Exercise instructions:
Reproduce word for word every line of the entries below, from the line containing "Товар коричневого цвета с внутренней стороны" through the final line, and nothing else.

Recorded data
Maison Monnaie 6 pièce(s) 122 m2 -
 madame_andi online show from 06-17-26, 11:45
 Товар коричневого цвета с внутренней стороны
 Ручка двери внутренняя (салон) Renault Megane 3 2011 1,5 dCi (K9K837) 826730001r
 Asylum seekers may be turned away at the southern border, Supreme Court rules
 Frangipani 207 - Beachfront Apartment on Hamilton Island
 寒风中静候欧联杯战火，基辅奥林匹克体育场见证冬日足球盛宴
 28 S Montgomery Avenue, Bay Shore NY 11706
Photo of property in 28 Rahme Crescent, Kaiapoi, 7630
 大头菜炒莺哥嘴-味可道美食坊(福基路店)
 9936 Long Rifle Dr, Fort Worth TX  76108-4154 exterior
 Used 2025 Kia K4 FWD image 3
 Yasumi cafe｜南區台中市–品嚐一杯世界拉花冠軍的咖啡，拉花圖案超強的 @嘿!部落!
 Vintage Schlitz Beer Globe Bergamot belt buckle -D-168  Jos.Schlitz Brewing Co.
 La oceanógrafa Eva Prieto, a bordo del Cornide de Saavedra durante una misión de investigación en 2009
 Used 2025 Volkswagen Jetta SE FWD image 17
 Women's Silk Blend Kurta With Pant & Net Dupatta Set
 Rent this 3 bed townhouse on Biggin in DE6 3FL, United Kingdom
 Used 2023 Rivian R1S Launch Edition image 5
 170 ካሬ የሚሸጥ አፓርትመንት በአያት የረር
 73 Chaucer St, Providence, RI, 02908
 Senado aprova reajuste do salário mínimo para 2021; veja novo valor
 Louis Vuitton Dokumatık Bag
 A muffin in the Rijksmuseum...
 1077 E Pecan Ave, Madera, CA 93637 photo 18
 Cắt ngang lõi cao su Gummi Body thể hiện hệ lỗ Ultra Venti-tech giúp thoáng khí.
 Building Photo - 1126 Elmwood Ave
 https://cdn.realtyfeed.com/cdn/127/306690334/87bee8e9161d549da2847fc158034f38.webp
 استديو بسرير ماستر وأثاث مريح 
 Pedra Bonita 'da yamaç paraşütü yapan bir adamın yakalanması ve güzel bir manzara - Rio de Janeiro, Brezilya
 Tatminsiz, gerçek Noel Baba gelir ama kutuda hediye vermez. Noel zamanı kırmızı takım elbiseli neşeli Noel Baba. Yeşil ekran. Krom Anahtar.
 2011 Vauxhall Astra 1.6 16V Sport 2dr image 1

Response to this exercise:
 Товар коричневого цвета с внутренней стороны
 Ручка двери внутренняя (салон) Renault Megane 3 2011 1,5 dCi (K9K837) 826730001r
 Asylum seekers may be turned away at the southern border, Supreme Court rules
 Frangipani 207 - Beachfront Apartment on Hamilton Island
 寒风中静候欧联杯战火，基辅奥林匹克体育场见证冬日足球盛宴
 28 S Montgomery Avenue, Bay Shore NY 11706
Photo of property in 28 Rahme Crescent, Kaiapoi, 7630
 大头菜炒莺哥嘴-味可道美食坊(福基路店)
 9936 Long Rifle Dr, Fort Worth TX  76108-4154 exterior
 Used 2025 Kia K4 FWD image 3
 Yasumi cafe｜南區台中市–品嚐一杯世界拉花冠軍的咖啡，拉花圖案超強的 @嘿!部落!
 Vintage Schlitz Beer Globe Bergamot belt buckle -D-168  Jos.Schlitz Brewing Co.
 La oceanógrafa Eva Prieto, a bordo del Cornide de Saavedra durante una misión de investigación en 2009
 Used 2025 Volkswagen Jetta SE FWD image 17
 Women's Silk Blend Kurta With Pant & Net Dupatta Set
 Rent this 3 bed townhouse on Biggin in DE6 3FL, United Kingdom
 Used 2023 Rivian R1S Launch Edition image 5
 170 ካሬ የሚሸጥ አፓርትመንት በአያት የረር
 73 Chaucer St, Providence, RI, 02908
 Senado aprova reajuste do salário mínimo para 2021; veja novo valor
 Louis Vuitton Dokumatık Bag
 A muffin in the Rijksmuseum...
 1077 E Pecan Ave, Madera, CA 93637 photo 18
 Cắt ngang lõi cao su Gummi Body thể hiện hệ lỗ Ultra Venti-tech giúp thoáng khí.
 Building Photo - 1126 Elmwood Ave
 https://cdn.realtyfeed.com/cdn/127/306690334/87bee8e9161d549da2847fc158034f38.webp
 استديو بسرير ماستر وأثاث مريح 
 Pedra Bonita 'da yamaç paraşütü yapan bir adamın yakalanması ve güzel bir manzara - Rio de Janeiro, Brezilya
 Tatminsiz, gerçek Noel Baba gelir ama kutuda hediye vermez. Noel zamanı kırmızı takım elbiseli neşeli Noel Baba. Yeşil ekran. Krom Anahtar.
 2011 Vauxhall Astra 1.6 16V Sport 2dr image 1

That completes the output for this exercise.